Avez-vous porté plainte auprès des autorités ?
N. S. : Oui, avec l’aide de proches, je me suis rendue au commissariat pour faire une déclaration. J’ai expliqué ce qui s’était passé, donné les détails que je pouvais. Mais vous savez, souvent, ces agresseurs disparaissent rapidement. J’espère quand même que justice sera faite, pas seulement pour moi, mais pour toutes les autres personnes qui subissent ce genre d’attaques.
Quel impact cette agression a-t-elle eu sur votre activité et votre vie quotidienne ?
N. S. : L’impact est énorme. Sans capital, il est difficile de reprendre le commerce. J’ai perdu ma recette du jour, une partie de la tontine, mes fruits et mon téléphone. Pendant plusieurs jours, je n’ai pas pu travailler normalement. Même psychologiquement, ce n’est pas facile. Chaque fois qu’il y a un grand événement ou que je rentre tard, j’ai peur. Mais je n’ai pas le choix, je dois continuer pour nourrir ma famille.
Que pensez-vous de la sécurité lors des combats de lutte et autres grands rassemblements ?
N. S. : La lutte est notre culture, notre fierté, mais il faut plus de sécurité autour de ces événements. Les autorités doivent mieux encadrer les alentours, surtout pour protéger les petits commerçants et les femmes. Nous contribuons à l’animation et à l’économie locale, mais nous sommes souvent les premières victimes de l’insécurité.
Quel message souhaitez-vous adresser aux autorités et à la population ?
N. S. : Je demande aux autorités de renforcer la sécurité et de prendre au sérieux les plaintes des victimes. À la population, je demande plus de solidarité. Quand vous voyez quelqu’un en difficulté, essayez d’aider, de prévenir, de ne pas rester indifférent. Et aux jeunes qui agressent, je dis que l’argent volé ne vous apportera jamais la paix. Nous travaillons dur pour gagner honnêtement notre vie.
Malgré tout ce que vous avez vécu, gardez-vous espoir ?

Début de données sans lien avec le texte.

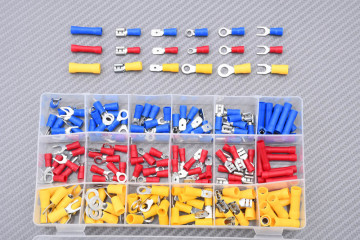 Box of insulated electrical...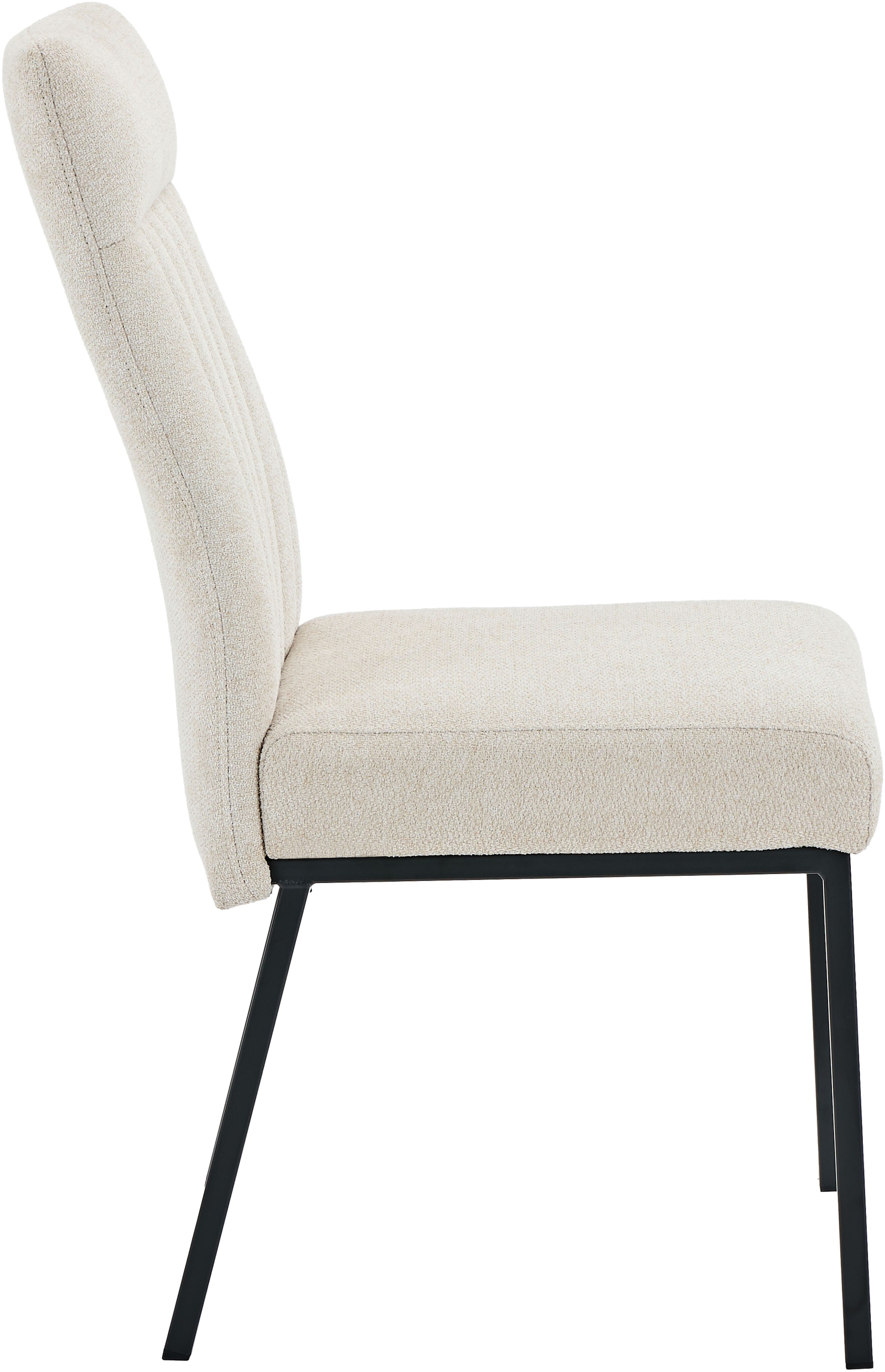 HELA 4-Fußstuhl »CATANIA« (Set) 4 Stk.4-Fuß, Federkorb, Vierkantrohrgestell, 140kg belastbar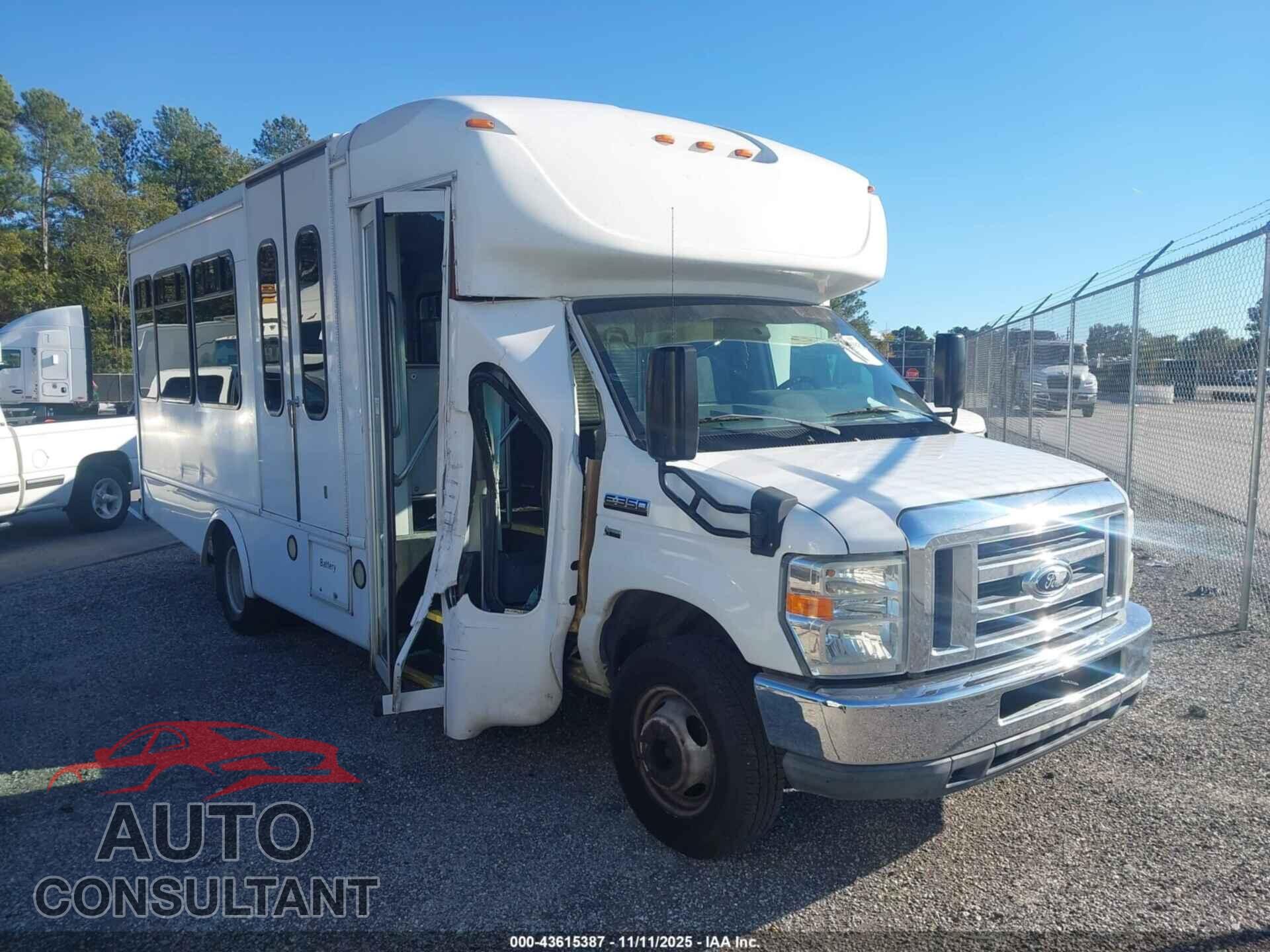 FORD E-350 CUTAWAY 2015 - 1FDEE3FL3FDA07368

N. S. : Oui, je garde espoir. Je suis une battante. Comme beaucoup de femmes vendeuses au Sénégal, j’ai traversé des moments difficiles, mais je me relève toujours. Avec l’aide de Dieu, de ma famille et de la solidarité, je vais reprendre mon commerce. J’espère simplement que ce témoignage pourra servir à sensibiliser et à éviter que d’autres vivent la même chose.
Merci beaucoup, N. S., pour votre courage et votre témoignage.
N. S. : Merci à vous de m’avoir écoutée et de porter ma voix.